Sad, happy, angry, these are simple to work with.

But how do you classify Back-Button? What does a user think of a post when they rate it "Alien-Face". When they use "Skull/Crossbone" are they saying danger/poison, or death, or Halloween, costumes, a movie?

I'm not sure you could ever get to an adequate level of programmatically understanding the intent behind emoji, but I think that it's not too difficult with 5 universal emotions.


I'm not disagreeing that it's more work but that even with only a few options, this problem is dwarfed by the question of intention, which is what advertisers really want to know. “angry face” might seem universal at first glance but it's not easy to tell who the anger is directed at, which is what advertisers would want.
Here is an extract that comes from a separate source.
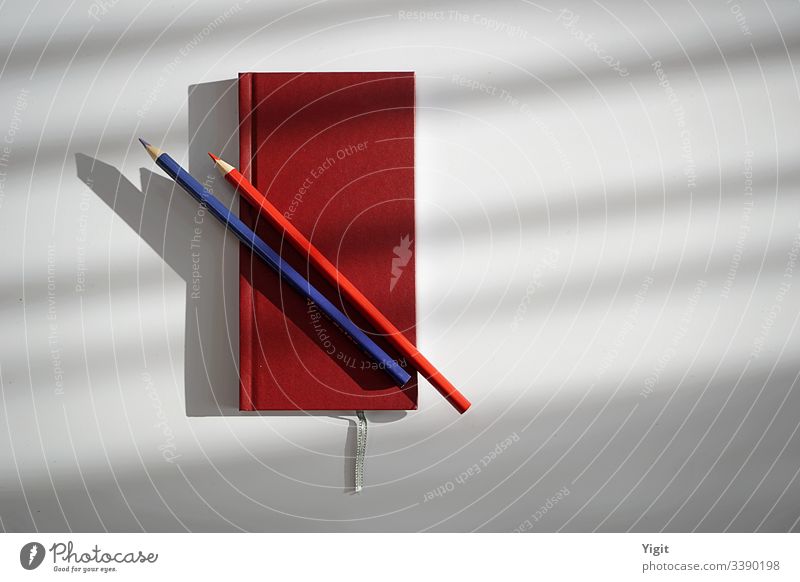 Stilleben mit rotem Hardcover-Notizbuch und Stiften Vogelperspektive Hintergrund neutral Textfreiraum rechts Menschenleer Nahaufnahme Farbfoto Studioaufnahme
Even the binary Like has this problem where you don't know if someone liked a story, like the way a reporter smacked down the subject of the story, or the comment your friend made when they shared news about someone you dislike.

Besides, if Facebook only designed things for advertisers every post would have a mandatory form collecting demographic info. They know they have to make using the service enjoyable and this would be an easy way to boost interaction which doesn't make advertising fundamentally harder.


Slack's usage is tiny compared to Facebook's. Facebook has to account for a dozen things that Slack doesn't. The big one is all of the different cultures that use Facebook.


Useful _to the user_.

With a smaller set of emoji, you can analyze what text often is coupled with what emoji to help infer the meaning of text automatically. Great if you want to serve ads based on private messages, less of a concern if you just want to deliver a useful product.


It's funny they compare this to "Coca-Cola messing with its secret recipe" which Coke did and it was not a success.


The Coke recipe has changed significantly over time. It also varies by country (i.e. HFCS in the US, cane sugar in South America) and serving method (syrup etc).


The article sort of took a tangential direction from Reactions and went into Chris Cox's story. It was an interesting read, just that it would have been a better article had it been profiling him, instead of bundling it up here.

Good to have actual reactions anyways. "Someone announces her divorce on the site, and friends grit their teeth and 'like' it." Such cases are everybody's life events and there were no reactions to share unless you comment.


"He’s not a billionaire, just a centi-millionaire." I stopped reading right there.


I wish they'd devote the same sort of attention to making a usable mobile app instead of the bloated monstrosity that exists now.


I wonder if tourists will be able to choose from a number of different signs to stand in front of at Facebook HQ now.


This feels like changing something just to change something, maybe because some executive wants to feel they're doing something important. Is there some unspoken rule in tech that you have to change things every so often, no matter what?


They missed an important emotion: "disgustedly rolling one's eyes". That's my reaction to a lot of the posts I scroll past and don't interact with.


If my memory serves me, DeviantArt had something similar to this around a decade ago, and I thought it worked very well. It's an entirely different platform though. Also, I don't remember them having such annoying animations, nor omitting such basic emotions as "joy" because "people don't understand it".

D|A appears to have axed this system though, for whatever reason. I hope it works out better for Facebook.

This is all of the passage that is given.